The reasonableness of the movement gets lost in all this. There may be honest people with honest intentions behind it, but I have known far too many stoners who will lie and twist truths and push boundaries in order to get their pot.
That’s why I think we need to look at the truth – especially from those like you, Chris, who deal with this regularly – and consider the real social cost we will have to pay, regardless of any amount of tax dollars that might be brought in.
Jefferson: But, isn’t that the same logic that preceded and then was overturned with Prohibition?
Chris: I think that it’s interesting to note that as recently as this summer, our Federal Government maintained the classification status of marijuana. It has been, and continues to be, a schedule one controlled substance. And, words have meaning. It’s not a narcotic – that’s a completely different arena. But, as a schedule one controlled substance, it is defined as being addictive and has no known medical benefits.

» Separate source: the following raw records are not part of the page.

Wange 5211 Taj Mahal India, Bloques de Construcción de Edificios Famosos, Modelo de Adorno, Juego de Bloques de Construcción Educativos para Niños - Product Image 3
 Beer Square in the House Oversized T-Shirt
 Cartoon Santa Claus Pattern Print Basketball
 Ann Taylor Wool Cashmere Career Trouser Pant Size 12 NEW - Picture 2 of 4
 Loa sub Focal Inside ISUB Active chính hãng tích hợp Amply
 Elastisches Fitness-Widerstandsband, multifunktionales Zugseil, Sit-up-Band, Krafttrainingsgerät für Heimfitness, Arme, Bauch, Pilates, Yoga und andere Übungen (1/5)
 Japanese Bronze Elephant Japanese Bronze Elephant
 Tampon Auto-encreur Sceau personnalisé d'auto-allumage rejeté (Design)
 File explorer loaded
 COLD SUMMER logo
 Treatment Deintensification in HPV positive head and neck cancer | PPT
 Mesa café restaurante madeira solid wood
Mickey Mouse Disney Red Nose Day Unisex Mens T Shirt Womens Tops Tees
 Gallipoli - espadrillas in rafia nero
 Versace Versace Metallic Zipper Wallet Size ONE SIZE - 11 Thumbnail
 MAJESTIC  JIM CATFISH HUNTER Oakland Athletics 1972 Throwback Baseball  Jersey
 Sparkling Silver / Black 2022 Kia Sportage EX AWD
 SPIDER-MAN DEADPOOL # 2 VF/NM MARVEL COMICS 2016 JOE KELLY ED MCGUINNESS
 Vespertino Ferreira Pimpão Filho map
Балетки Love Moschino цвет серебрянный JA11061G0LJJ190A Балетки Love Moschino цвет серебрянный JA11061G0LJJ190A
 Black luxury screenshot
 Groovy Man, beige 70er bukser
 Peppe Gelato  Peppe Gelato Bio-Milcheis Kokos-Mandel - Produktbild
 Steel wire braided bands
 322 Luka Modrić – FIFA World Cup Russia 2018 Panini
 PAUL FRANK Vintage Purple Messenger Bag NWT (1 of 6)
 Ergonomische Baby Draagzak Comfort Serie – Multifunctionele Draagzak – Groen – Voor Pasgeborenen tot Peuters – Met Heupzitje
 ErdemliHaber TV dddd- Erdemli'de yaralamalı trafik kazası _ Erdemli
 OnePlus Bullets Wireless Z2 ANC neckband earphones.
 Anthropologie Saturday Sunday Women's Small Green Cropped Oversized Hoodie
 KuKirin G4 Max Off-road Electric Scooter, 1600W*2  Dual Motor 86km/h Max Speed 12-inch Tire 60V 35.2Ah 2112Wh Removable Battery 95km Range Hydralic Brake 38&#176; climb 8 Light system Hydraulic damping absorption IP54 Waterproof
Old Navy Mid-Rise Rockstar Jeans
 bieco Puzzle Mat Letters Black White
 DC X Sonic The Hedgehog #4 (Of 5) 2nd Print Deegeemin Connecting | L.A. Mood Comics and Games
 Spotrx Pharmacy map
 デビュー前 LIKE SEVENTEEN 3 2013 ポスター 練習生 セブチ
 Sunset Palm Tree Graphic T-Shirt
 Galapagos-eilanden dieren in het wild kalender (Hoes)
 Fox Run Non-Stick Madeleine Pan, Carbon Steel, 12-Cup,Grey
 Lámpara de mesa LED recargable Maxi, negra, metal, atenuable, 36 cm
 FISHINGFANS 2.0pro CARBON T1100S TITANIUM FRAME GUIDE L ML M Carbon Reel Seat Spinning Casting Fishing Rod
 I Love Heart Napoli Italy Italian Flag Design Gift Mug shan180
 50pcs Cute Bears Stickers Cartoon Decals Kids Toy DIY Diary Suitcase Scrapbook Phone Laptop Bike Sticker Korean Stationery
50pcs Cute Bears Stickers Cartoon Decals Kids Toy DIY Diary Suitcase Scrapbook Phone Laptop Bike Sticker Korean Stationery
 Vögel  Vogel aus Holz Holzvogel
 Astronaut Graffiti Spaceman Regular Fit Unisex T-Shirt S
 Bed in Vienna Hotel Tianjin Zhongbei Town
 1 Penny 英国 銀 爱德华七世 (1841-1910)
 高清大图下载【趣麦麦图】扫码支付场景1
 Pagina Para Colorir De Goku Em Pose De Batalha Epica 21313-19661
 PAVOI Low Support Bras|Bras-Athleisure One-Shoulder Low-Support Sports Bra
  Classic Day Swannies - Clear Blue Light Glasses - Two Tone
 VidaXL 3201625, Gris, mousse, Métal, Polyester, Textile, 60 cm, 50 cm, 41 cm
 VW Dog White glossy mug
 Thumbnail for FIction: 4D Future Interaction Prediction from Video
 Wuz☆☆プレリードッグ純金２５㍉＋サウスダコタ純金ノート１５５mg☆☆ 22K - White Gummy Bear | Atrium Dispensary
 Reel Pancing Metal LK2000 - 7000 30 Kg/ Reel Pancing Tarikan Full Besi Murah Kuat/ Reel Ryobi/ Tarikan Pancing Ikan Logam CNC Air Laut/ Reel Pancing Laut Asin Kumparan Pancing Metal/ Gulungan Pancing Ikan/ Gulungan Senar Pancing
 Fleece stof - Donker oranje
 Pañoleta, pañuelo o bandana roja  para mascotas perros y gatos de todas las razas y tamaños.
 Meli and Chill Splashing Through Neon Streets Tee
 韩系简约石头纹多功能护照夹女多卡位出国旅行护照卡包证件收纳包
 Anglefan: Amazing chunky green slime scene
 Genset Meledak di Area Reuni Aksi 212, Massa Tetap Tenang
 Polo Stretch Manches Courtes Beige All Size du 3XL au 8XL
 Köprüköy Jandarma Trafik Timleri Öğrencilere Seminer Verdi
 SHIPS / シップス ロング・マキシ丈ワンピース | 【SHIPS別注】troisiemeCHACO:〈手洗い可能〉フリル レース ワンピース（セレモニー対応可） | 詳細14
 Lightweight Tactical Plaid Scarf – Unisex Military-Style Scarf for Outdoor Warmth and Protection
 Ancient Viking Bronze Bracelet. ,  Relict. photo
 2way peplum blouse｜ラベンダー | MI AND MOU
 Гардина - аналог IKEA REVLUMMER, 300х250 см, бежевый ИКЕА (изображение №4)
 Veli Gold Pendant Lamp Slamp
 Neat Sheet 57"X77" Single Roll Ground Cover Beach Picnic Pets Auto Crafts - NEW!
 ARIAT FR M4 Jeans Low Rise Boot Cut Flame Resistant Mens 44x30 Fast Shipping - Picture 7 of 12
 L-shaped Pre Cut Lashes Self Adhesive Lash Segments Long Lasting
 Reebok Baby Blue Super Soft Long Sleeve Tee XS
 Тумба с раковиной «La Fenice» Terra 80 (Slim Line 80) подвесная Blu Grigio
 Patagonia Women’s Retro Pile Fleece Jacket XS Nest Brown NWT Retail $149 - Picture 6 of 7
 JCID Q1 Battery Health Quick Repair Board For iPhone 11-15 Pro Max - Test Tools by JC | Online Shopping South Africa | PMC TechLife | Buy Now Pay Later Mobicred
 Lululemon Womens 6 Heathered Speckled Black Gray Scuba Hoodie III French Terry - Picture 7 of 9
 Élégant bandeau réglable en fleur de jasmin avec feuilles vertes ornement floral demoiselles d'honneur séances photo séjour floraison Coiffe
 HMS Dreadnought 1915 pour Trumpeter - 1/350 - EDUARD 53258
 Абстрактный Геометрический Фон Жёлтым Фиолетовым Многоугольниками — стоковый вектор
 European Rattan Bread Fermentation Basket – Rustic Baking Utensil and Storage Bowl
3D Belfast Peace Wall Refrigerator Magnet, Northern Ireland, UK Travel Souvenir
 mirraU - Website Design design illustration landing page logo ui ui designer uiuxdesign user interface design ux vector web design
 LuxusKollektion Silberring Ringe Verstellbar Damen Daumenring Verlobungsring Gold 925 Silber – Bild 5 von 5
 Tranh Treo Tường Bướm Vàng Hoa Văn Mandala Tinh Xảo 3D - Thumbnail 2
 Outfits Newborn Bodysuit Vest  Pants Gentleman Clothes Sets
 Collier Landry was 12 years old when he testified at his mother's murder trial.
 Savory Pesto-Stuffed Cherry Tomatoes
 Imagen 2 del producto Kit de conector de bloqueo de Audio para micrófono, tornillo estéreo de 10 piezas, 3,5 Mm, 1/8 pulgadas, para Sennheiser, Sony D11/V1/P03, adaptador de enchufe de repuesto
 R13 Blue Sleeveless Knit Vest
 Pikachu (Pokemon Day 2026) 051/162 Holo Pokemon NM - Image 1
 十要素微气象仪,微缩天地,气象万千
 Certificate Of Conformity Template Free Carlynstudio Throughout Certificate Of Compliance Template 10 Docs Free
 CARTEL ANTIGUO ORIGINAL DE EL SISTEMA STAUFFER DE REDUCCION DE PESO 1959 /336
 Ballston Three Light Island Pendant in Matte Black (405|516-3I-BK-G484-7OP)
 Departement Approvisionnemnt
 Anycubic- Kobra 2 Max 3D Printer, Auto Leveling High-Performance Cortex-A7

Now, there is probably some room for argument in regards to its medical benefits, and some people maintain that it’s not addictive… and it’s true that there are people who can use it once or twice without growing addicted to it.
But I, personally, have known people who are absolutely addicted to pot… and I have seen it destroy families. So, there may be some analogy between marijuana and alcohol, but just because alcohol has been legal for several decades, this doesn’t mean that we should legalize a substance just so people can get stoned.
And, the truth is that you don’t see a whole lot of violent crime from alcoholics who are needing to get alcohol. Yeah, there are liquor stores that get robbed and people are killed in those robberies, but there is a significantly greater number of people who are willing to commit violent armed robberies so that they can get marijuana – not just for themselves, but so that they can sell it to other people. It’s a huge commodity.
Joel: Yeah, liquor store robberies aren’t usually for the liquor; it’s usually for the cash in the cash register.
Chris: Right… whereas marijuana, they want the cash, but they also want the product so that they can resell that.”
Again, let me stress that we, as responsible citizens, need to do our own due diligence and vote as our faith and our consciences lead us. With so much at stake for our communities, our state and our nation, as Christians we should do no less.